Overwhelming is a mild term to describe my transition from teaching reading to teenage boys in the juvenile justice system to working with English language learners between the ages of 11-13. Let me make this clear assertion: teaching in jail was way easier than this gig. The kids knew the drills. They knew that if they stepped out of line, there were clear and foreseeable consequences, and so they pretty much behaved. Most of the time. But here, in this level 4 school, in this socioeconomically stretched city in western Massachusetts, things are a bit more dicey. This is an academically underperforming school. There's a general lack of motivation among the kids and, perhaps in a greater sense, among their parents. In very real, tangible ways, there are big behavior issues. There is neglect. There is truancy. And then I also get to deal with those added layers of a language barrier and the age-old challenge of the creature that is the tweenager.
I keep calling this the molotov cocktail of teaching jobs. It's kicking my ass in ways I've never quite felt. These kids have tested me as though I were a 22 year old student teacher. In my first seven weeks here, I've seen a student stabbed with a pencil, had things thrown across the room, watched my materials get broken, been called many unsavory names in Spanish, and, oh yeah, had a kid--somehow--post a picture of an erect penis on my computer (that happened on my second day. it was unforgettable).
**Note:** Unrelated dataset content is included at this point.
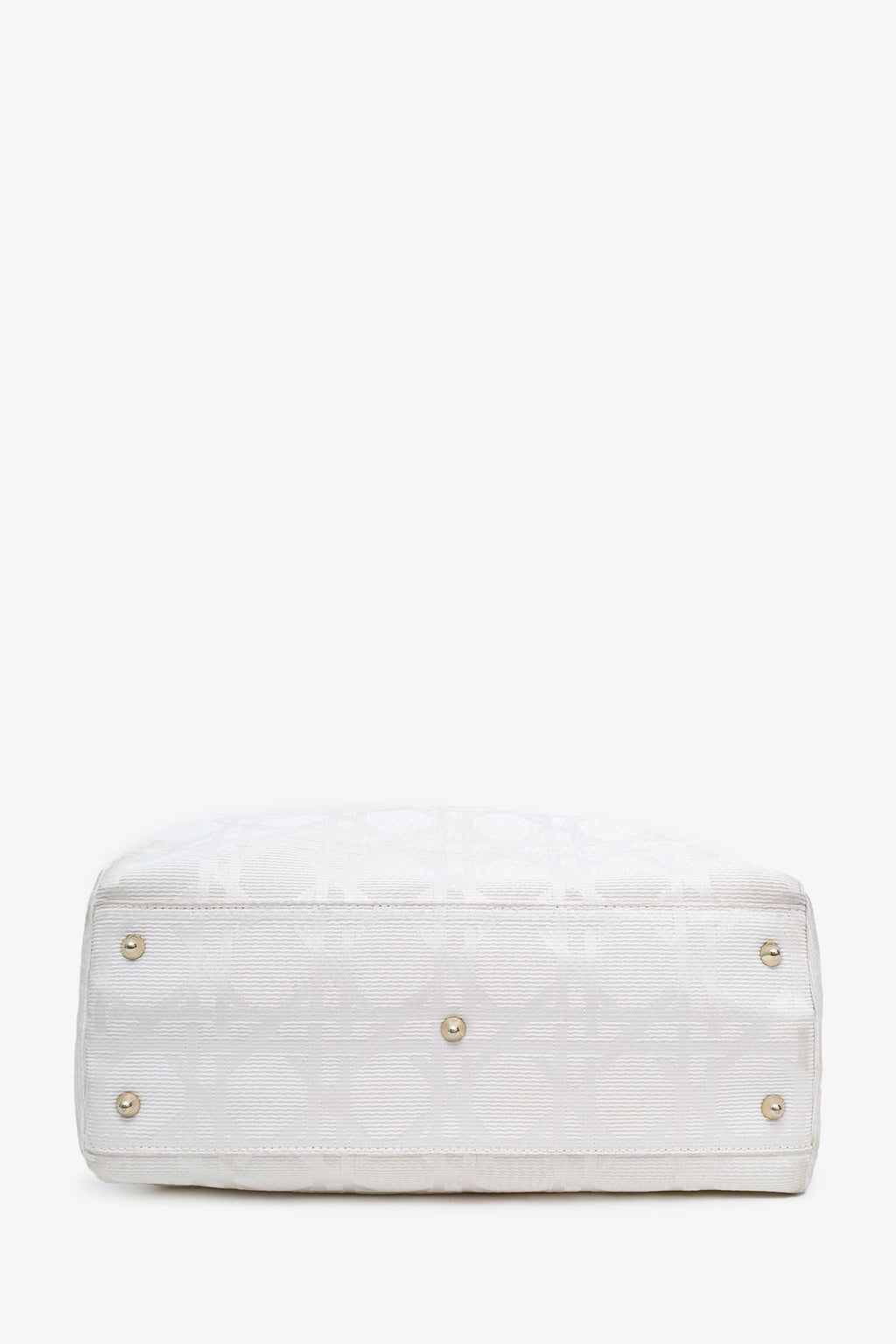 Christian Dior 2007 White Cannage Jacquard Canvas Lady Dior Tote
And throughout all this nonsense, I've had to remind myself that I'm supposed to teach these kids English, not just play defense.
I think a lot of people would turn and run, or go get a real estate license, or find a good therapist. I've felt all kinds of things over the past 7 weeks, but defeated is not one of them. One of the reasons I wanted to work in a community like this one is that I know there is goodness and potential in these kids. I know that they haven't been given a fair shake. The odds are against them, and statistically, they are highly likely to fall prey to a long list of risk factors. A bunch of them will end up in the juvenile justice system, and then prison. Yes, it does suck to be them. But I believe in working for social justice, and the way that belief needs to play out is right here, in this little, hot, windowless classroom. I am sticking with this job, and with these kids, and when we all return from this blessed winter vacation, we will be refreshed and recharged. And ready to learn.